Lenses and Adaptive Schemas - UBOdin/mimir GitHub Wiki
Mimir uses data cleaning operators called Lenses and Adaptive Schemas to automate the preliminary steps of data curation. To do this, Mimir needs to make guesses about how to transform your data. Mimir will make the best guesses that it can, but it can't always be right.
Instead, Mimir will communicate with you about what it's doing to your data: you're not locked into the choices it makes. Mimir will warns you whenever you run a query that it's making guesses about (with attributes in red or rows in grey). You can use ANALYZE
to identify which guesses it made, and FEEDBACK
to confirm or correct any of these guesses.
Lenses
Lenses transform one table at a time, typically to enforce some sort of constraint or cleaning process on the table. Lenses behave like views, but produce outputs that have been cleaned in one of several ways.
TYPE_INFERENCE
The Type Inference lens detects and assigns stronger types to the output of a query. A typical application is to newly imported CSV or JSON data: The type inference lens detects, for example, columns that are mostly integers or mostly floats, and typecasts the entire column accordingly.
'CREATE' 'LENS' name 'AS' query 'WITH' 'TYPE_INFERENCE' '(' minSupport ')'
- minSupport: The percent of data that Mimir needs to see conforming to a particular type before it accepts the default (string) type.
MISSING_VALUE
The missing value lens detects NULL values in specified columns, and comes up with a way to replace them. A typical application is to correct errors in the Type Inference lens, or impute alternatives.
'CREATE' 'LENS' name 'AS' query 'WITH' 'MISSING_VALUE' '(' attrName[, attrName[, ...]] ')'
- attrName: A list of attributes to remove NULL values from
SCHEMA_MATCH
The schema matching lens forces its input to conform to the specified schema, remapping or replacing columns as needed.
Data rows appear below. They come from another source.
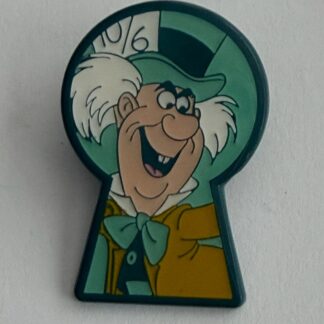 Loungefly Mad Hatter Alice in Wonderland - Keyhole - Mystery 2023 Disney Pin B1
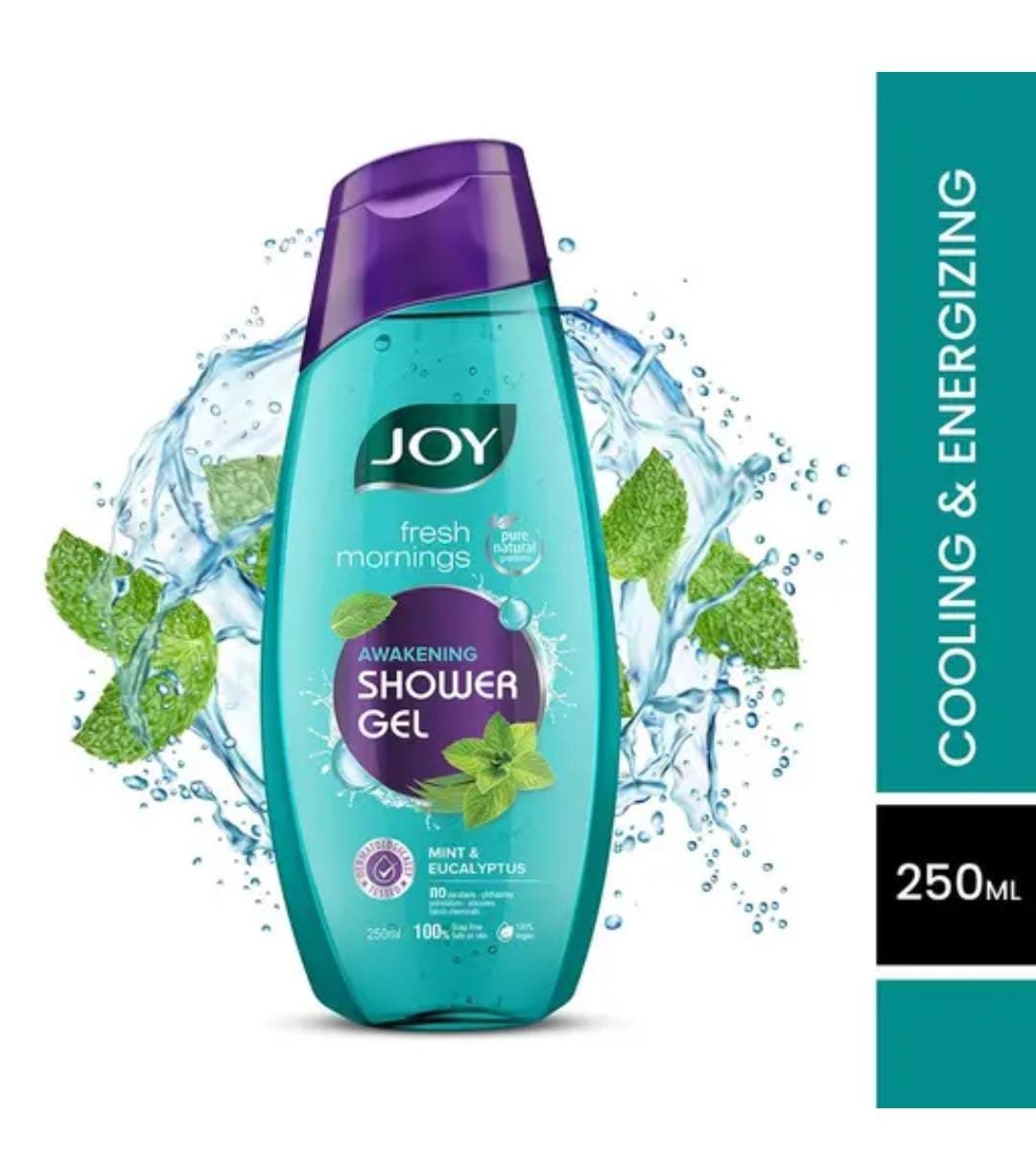 Joy Multipack Body Wash | Pack of 3 × 250ml | Green Tea & Coriander, Mint & Eucalyptus, Mandarin & Lemongrass | Premium Refreshing Body Cleanser Set - Image 2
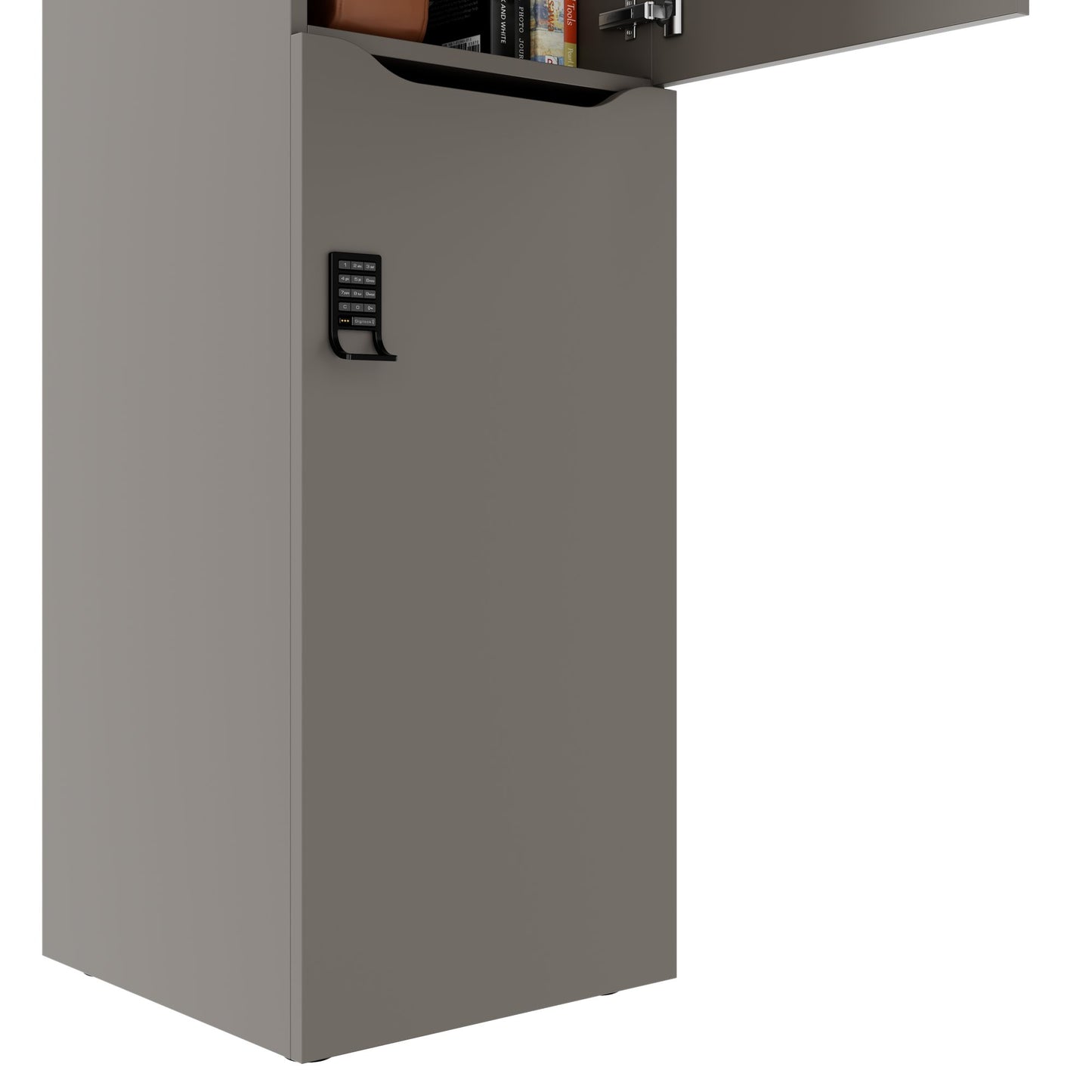 CHOICE Spind | 450 x 1820 mm, 2 große oder 4 kleine Schließfächer, Cubanitgrau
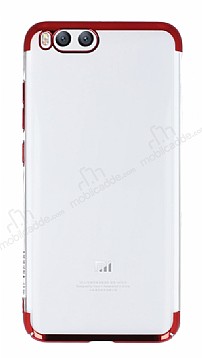 Eiroo Radiant Xiaomi Mi 6 Krmz Kenarl effaf Rubber Klf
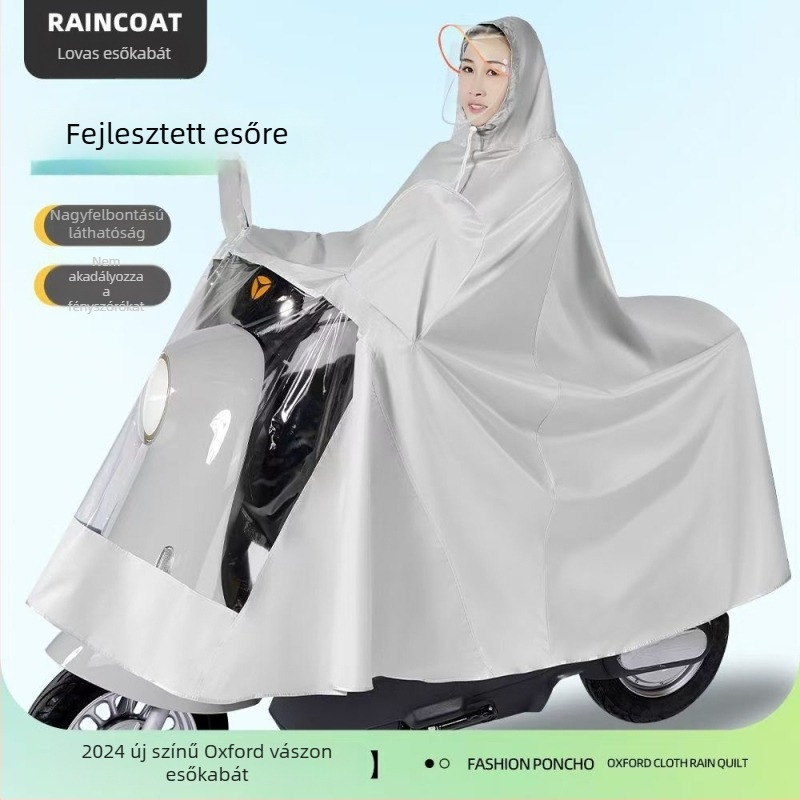 Rain Giant motorkerékpár esőponcsó, Oxford anyag, PVC vízálló réteg, 1 személy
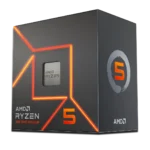 AMD Ryzen 5 7600 (6 Cores, 12 Threads) Up To 5.1 GHz Desktop Processor (3Y WARRANTY)-Without Box/Fan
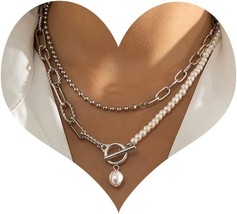 Layered Pearl Necklace  - £20.13 GBP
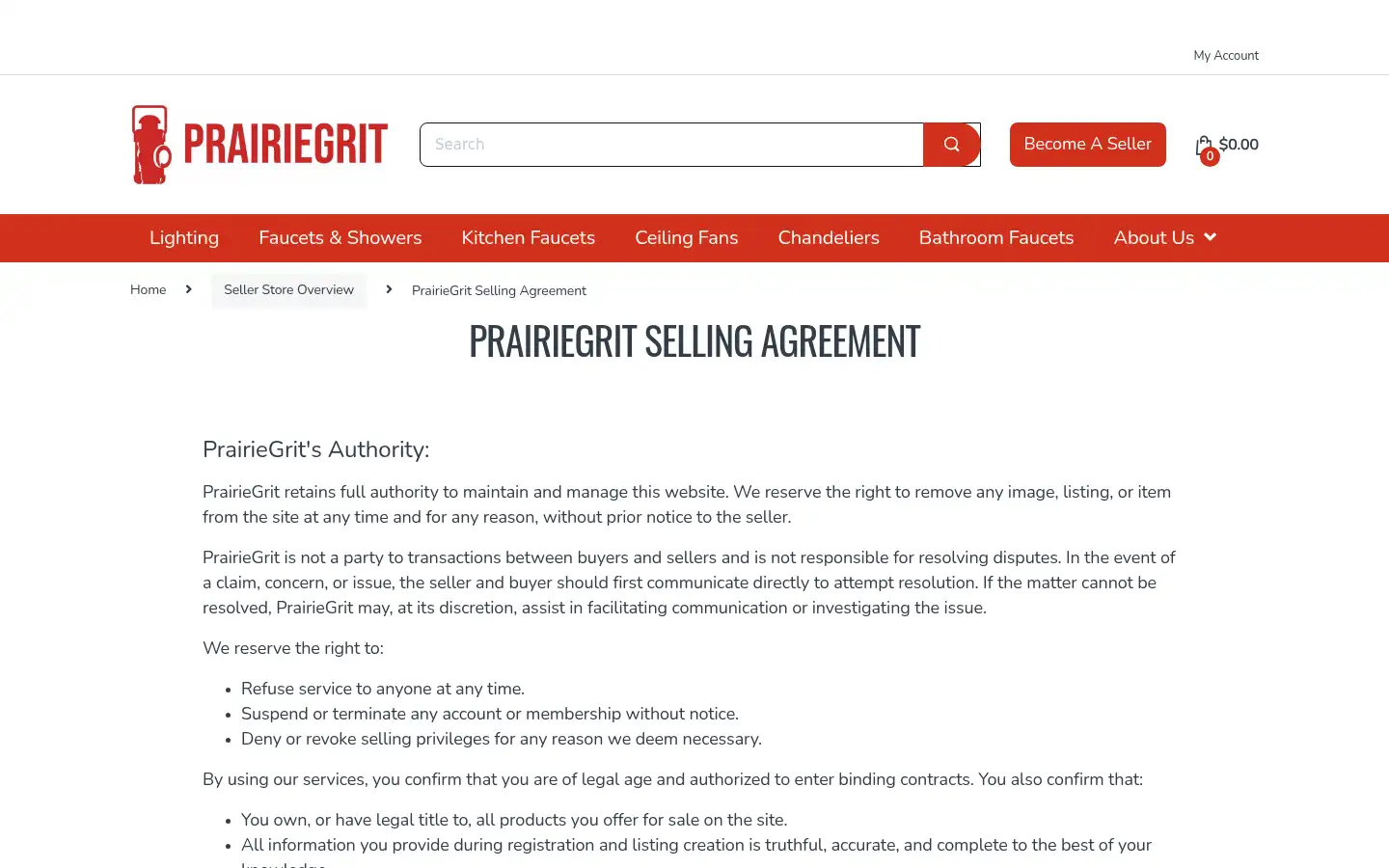 Screenshot of prairiegrit.com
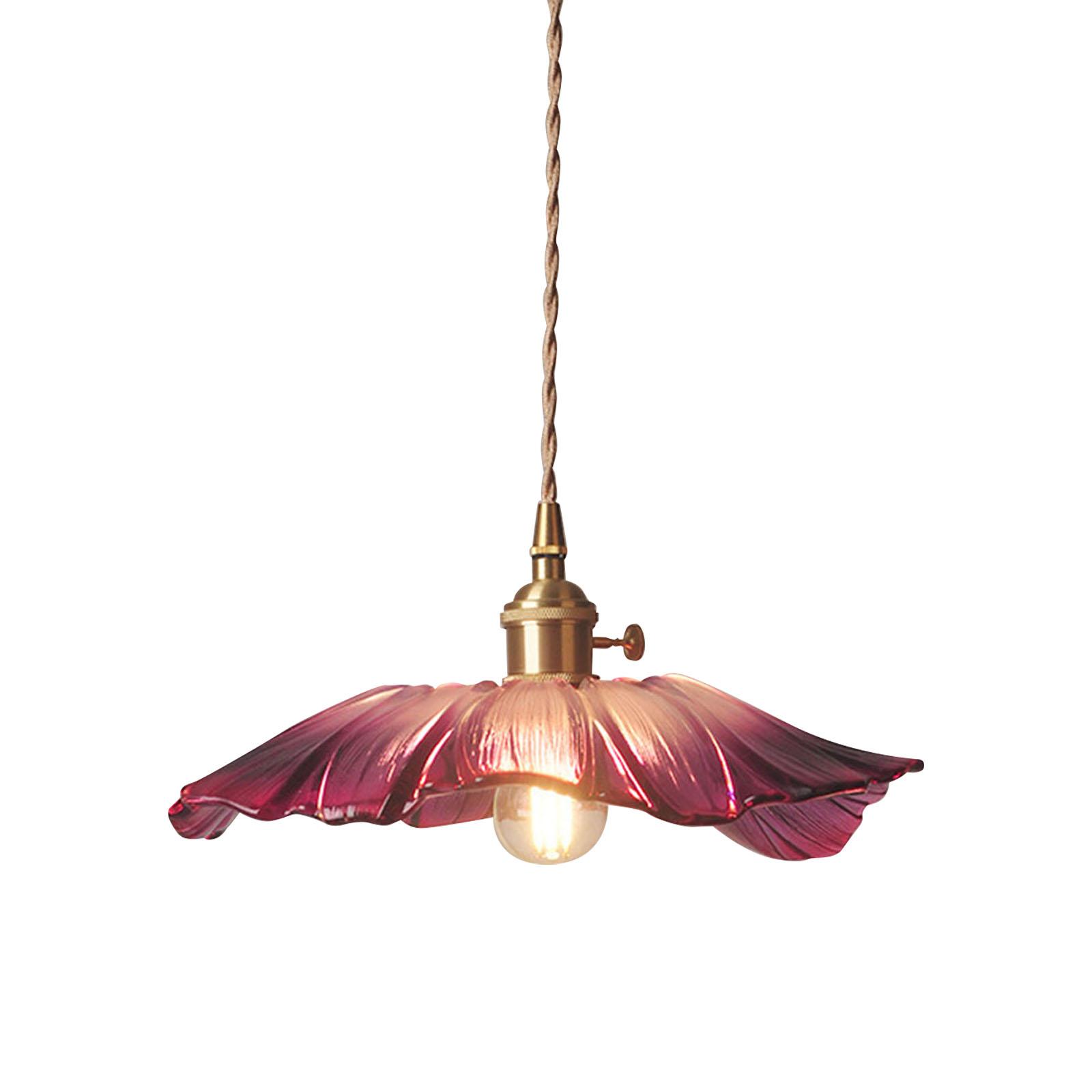 Flower pendant light, decorative light for restaurant, bedroom, оранжевый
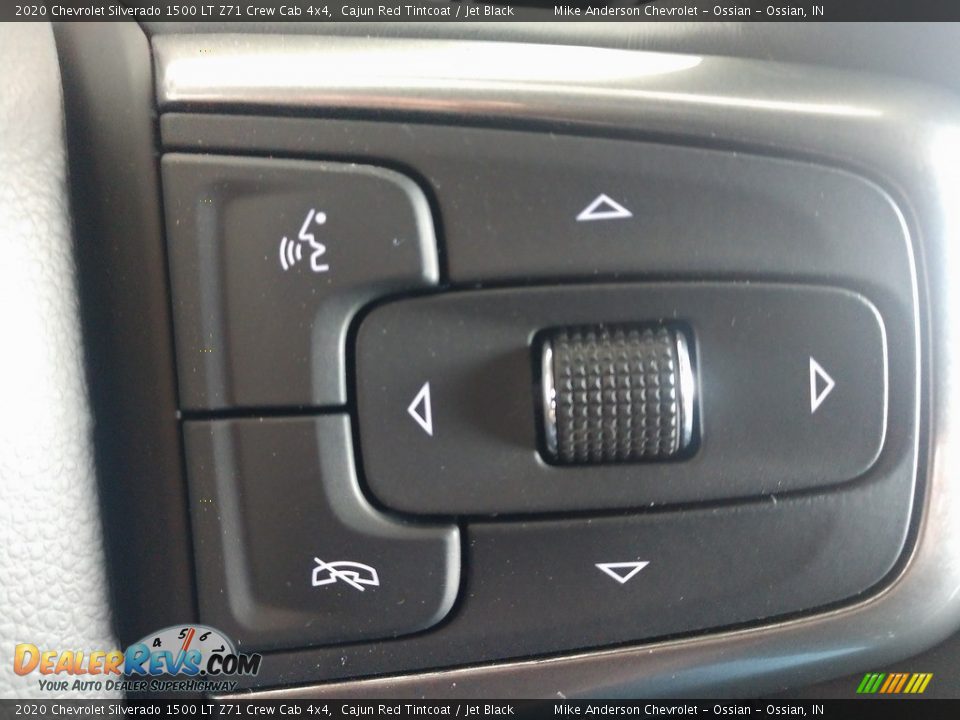 2020 Chevrolet Silverado 1500 LT Z71 Crew Cab 4x4 Cajun Red Tintcoat / Jet Black Photo #23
'CREATE' 'LENS' name 'AS' query 'WITH' 'SCHEMA_MATCH' '(' '\'' attrName attrType '\''[, '\'' attrName attrType '\''[, ...]] ')'
- ''' attrName attrType '''*: Quoted strings containing the name of an attribute and the type. This will be the schema of the generated lens
KEY_REPAIR
The key repair lens is analogous to SELECT DISTINCT
, but more like a group-by aggregate. You identify one or more columns when defining the lens. The lens will contain one row for each distinct value of those columns. If there is no duplication in those columns, the output will be identical to the input. If there is duplication, duplicates will be folded together like a group-by aggregate according to the following rules:
- If there are multiple distinct values being folded together, Mimir will pick one arbitrarily (e.g., as in
FIRST
). As with any other lens, you can override this decision withANALYZE
andFEEDBACK
. - NULL values will be discarded
- Multiple identical values will be treated as one.
'CREATE' 'LENS' name 'AS' query 'WITH' 'KEY_REPAIR' '(' keyName[, keyName[, ...]][, option[, option[,...]]] ')'
- keyName: Columns to enforce a key constraint on.
- option: One of the following options may be specified as arguments
SCORE_BY(scoreCol)
: scoreCol identifies one of the input columns to use to assign a ranking to conflicted rows. Instead of picking arbitrarily, Mimir will pick values from the row with the highest score when resolving conflicts.ENABLE(FAST_PATH)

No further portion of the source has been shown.